Free Support Forum - aspose.com

Extract Images or Tables from PDF along with previous paragraph

Hello,

We have already used Aspose.Words to retrieve the images/tables along with the corresponding text.
We managed to do that because we can iterate section by section, paragraph by paragraph and also we can get the images under a paragrpah using ‘paragraph.GetChildNodes(Aspose.Words.NodeType.Shape, true)’.

Now our word documents have to be replaced by PDF files and we would like to retain the same functionality. I have gone through the Aspose.PDF documentation and also saw the examples provided in the documentation, but I could not find a way to achieve our need.
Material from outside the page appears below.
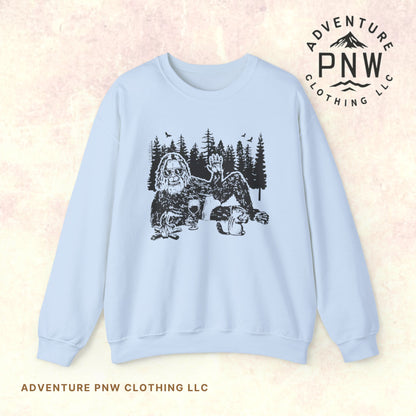 Funny Bigfoot Sasquatch Sweatshirt –Adventure Unisex Crewneck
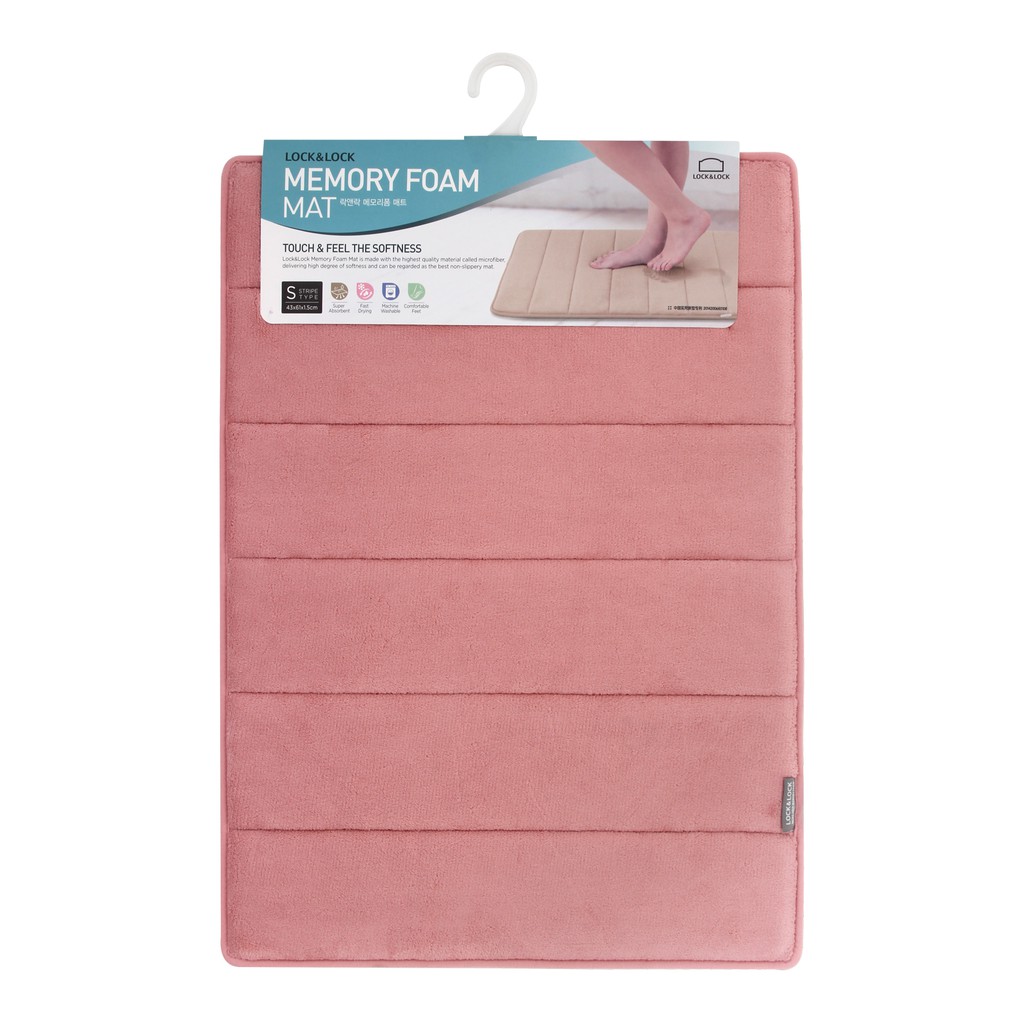 LocknLock Official Memory Foam Mat S Stripe Type (ETM280PK) Shopee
Could you please let me know if it is indeed possible to retrieve images/tables (along with text) from a PDF file.

Just an example:
Paragraph1
Paragraph2
Image1
Image2
Paragraph3
Image3

We need to extract images and the corresponding text like this:
Document 1 : Paragraph 2 + Image 1
Document 2 : Paragraph 2 + Image 2
Document 3 : Paragraph 3 + Image 3

So basically we need to retrieve the image and its preceding paragraph. We have already done it using Aspose.Words. But can not find a way to do that in Aspose.PDF.

Thanks in advance.

@ssingh05

We are afraid this is not possible in case of PDF files. Unlike the word files in flow format, PDF files are fixed format documents. You can only extract images, paragraphs and tables separately.